About the Role We are looking for a versatile Machine Learning Infrastructure Engineer to join XPeng’s Fuyao AI Platform team — a core AI infrastructure powering autonomous driving, robotics, and intelligent cockpit applications. You will build and optimize next-generation AI infrastructure, spanning dataloader, dataset and data production systems, large-scale inference, and distributed compute platforms — with a strong focus on efficiency, scalability, and reliability. Job Responsibilities-
Contribute to one or more of the following areas:
- Design and optimize large-scale data processing, production and loading pipelines, supporting heterogeneous data types (images, videos, point clouds, sensor streams, etc.).
- Build and maintain high-performance dataset management and loading frameworks, ensuring low-latency, high-throughput pipelines for training and inference.
- Develop and optimize distributed compute and inference systems, including scheduling, resource utilization, and performance tuning.
- Collaborate with cross-functional teams (e.g. Algorithms, Data Lakehouse) to translate requirements into production-ready infrastructure solutions.

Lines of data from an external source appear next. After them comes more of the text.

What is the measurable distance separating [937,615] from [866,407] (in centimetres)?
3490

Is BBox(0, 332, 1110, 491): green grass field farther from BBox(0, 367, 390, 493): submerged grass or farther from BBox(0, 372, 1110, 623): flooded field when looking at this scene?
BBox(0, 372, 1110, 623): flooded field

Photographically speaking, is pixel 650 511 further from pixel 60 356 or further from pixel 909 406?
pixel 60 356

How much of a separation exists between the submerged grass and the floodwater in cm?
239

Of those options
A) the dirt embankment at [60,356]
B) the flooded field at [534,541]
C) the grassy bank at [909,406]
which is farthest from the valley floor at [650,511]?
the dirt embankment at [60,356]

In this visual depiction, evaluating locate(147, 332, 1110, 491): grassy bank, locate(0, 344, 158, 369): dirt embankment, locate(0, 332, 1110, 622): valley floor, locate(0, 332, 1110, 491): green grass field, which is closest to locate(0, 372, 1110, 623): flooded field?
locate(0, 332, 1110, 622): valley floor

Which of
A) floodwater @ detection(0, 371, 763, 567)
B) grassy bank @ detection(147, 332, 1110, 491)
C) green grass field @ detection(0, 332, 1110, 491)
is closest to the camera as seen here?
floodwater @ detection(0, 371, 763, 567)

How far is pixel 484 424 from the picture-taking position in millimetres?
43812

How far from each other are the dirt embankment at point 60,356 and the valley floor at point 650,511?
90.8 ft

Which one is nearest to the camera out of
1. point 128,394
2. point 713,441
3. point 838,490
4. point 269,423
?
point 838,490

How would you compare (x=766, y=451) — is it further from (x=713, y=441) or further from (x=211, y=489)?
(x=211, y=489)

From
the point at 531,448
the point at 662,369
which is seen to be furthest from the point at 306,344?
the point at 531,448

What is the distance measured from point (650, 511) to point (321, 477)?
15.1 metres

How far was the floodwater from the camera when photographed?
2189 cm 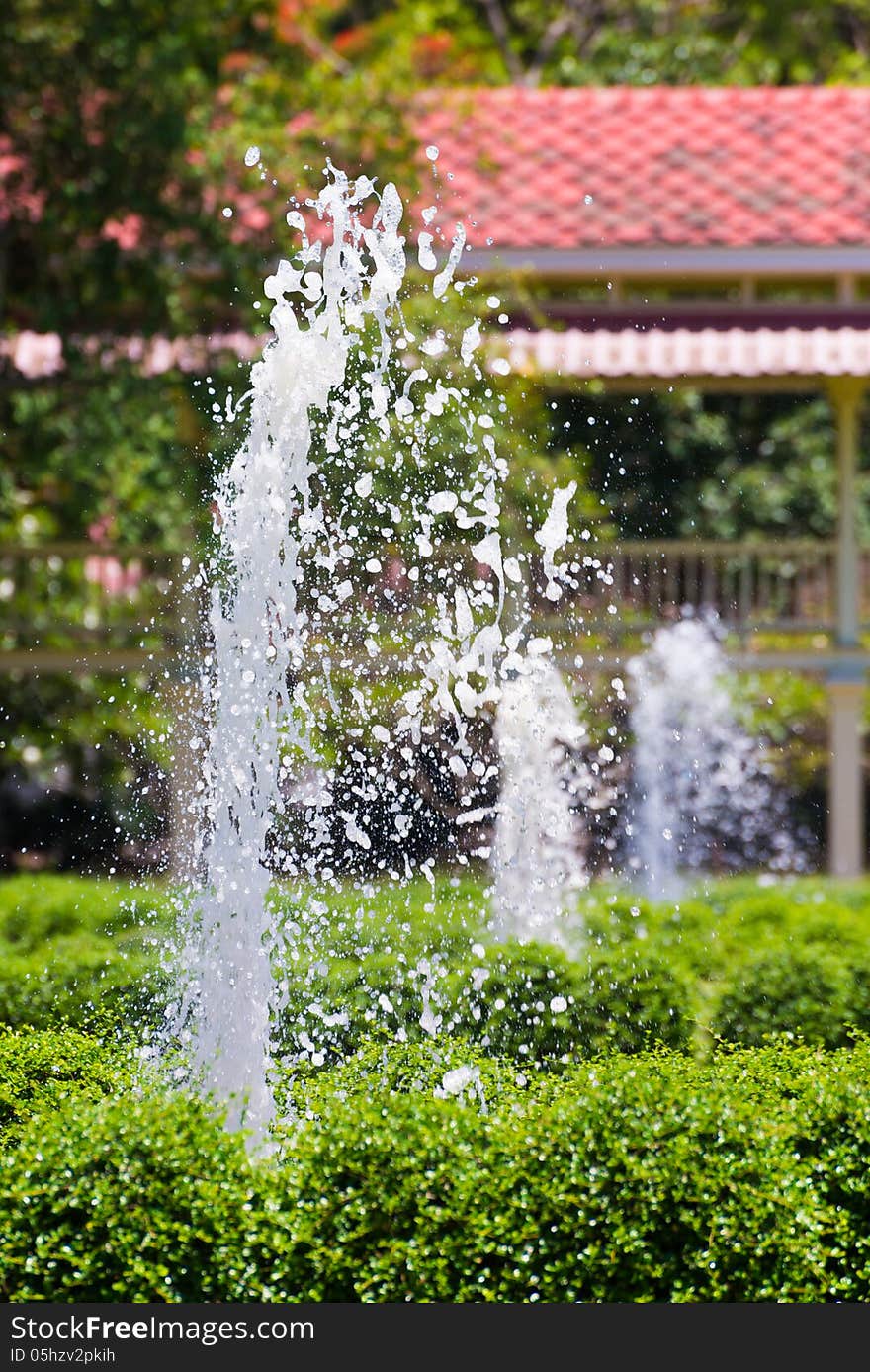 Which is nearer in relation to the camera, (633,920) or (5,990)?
(5,990)

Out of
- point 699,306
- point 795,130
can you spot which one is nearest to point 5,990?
point 699,306

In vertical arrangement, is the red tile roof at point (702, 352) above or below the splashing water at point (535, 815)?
above

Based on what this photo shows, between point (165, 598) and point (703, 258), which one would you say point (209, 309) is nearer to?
point (165, 598)

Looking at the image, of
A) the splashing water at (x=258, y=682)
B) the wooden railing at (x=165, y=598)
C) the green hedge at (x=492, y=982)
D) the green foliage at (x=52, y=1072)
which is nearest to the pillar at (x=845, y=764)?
the wooden railing at (x=165, y=598)

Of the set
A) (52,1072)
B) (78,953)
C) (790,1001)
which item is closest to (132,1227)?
(52,1072)

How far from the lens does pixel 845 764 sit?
1257cm

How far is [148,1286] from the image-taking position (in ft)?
13.3

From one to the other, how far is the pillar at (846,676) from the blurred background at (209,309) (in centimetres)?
5

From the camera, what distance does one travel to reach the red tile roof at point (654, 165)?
1216 cm

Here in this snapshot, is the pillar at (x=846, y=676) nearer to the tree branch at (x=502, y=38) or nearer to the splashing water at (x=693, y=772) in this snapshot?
the splashing water at (x=693, y=772)

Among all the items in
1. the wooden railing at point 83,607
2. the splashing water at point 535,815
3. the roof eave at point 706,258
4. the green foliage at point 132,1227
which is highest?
the roof eave at point 706,258

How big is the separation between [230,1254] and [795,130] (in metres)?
11.9

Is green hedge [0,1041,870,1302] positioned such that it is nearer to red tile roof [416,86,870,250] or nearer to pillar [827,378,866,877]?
pillar [827,378,866,877]

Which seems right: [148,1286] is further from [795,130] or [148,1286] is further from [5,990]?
[795,130] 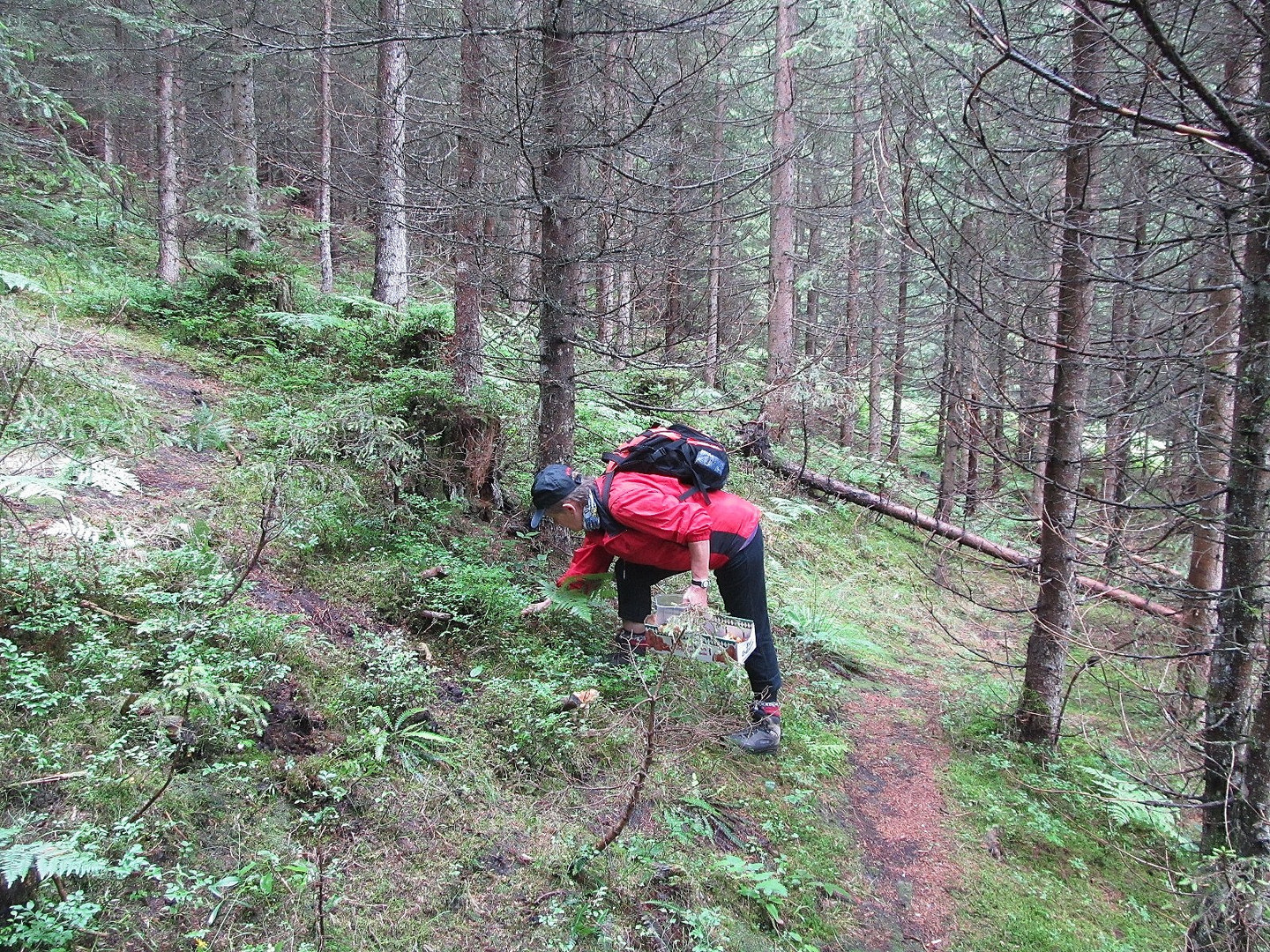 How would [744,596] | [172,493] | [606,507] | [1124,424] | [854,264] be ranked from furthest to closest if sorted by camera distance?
[854,264] < [172,493] < [1124,424] < [744,596] < [606,507]

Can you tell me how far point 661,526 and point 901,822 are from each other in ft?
8.43

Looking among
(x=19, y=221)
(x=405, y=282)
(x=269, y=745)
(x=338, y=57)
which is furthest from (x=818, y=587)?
(x=338, y=57)

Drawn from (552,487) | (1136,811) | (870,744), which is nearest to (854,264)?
(870,744)

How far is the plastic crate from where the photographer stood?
384 centimetres

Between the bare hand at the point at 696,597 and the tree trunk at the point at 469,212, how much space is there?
8.07 ft

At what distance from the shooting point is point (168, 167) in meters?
14.2

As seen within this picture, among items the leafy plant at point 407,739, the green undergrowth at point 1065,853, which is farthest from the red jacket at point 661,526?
the green undergrowth at point 1065,853

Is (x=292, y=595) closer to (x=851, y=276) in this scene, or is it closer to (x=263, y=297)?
(x=263, y=297)

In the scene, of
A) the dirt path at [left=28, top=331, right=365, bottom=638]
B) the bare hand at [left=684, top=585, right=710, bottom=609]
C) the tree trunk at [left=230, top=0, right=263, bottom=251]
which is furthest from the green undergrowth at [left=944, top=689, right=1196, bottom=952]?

- Continuously monitor, profile, and eliminate bottlenecks across AI data, inference and compute stack.
Basic Qualifications
- Master’s degree in Computer Science, Software Engineering, or equivalent experience.
- 5+ years of experience in large-scale data processing or ML infrastructure.
- Proficient in Python with solid software engineering fundamentals, clean coding practices, and strong debugging skills.
- Hands-on experience with relational databases and NoSQL systems, including metadata and cache management; prior experience with large-scale VectorDB is highly desirable.
- Familiarity with Linux file systems and network I/O optimization for distributed or object storage.
- Strong communication skills and ability to work cross-functionally in fast-paced environments.
- Strong ability to learn quickly, adapt to new challenges, and proactively explore and adopt new technologies.
- Familiarity with the autonomous driving industry and enthusiasm for its challenges.
- Experience with distributed computing frameworks such as Ray, Flink or Spark.
- Experience in building and scaling ML infrastructure in cloud-native environments.
-
Experience in any of the following areas:
- Large-scale deep learning training or inference optimization focused on scalability and model acceleration.
- Columnar storage formats (Parquet/ORC) and related ecosystems, including partitioning, compression, and vectorized I/O optimization.
- Large-scale data loading frameworks (PyTorch Dataloader, Hugging Face Datasets).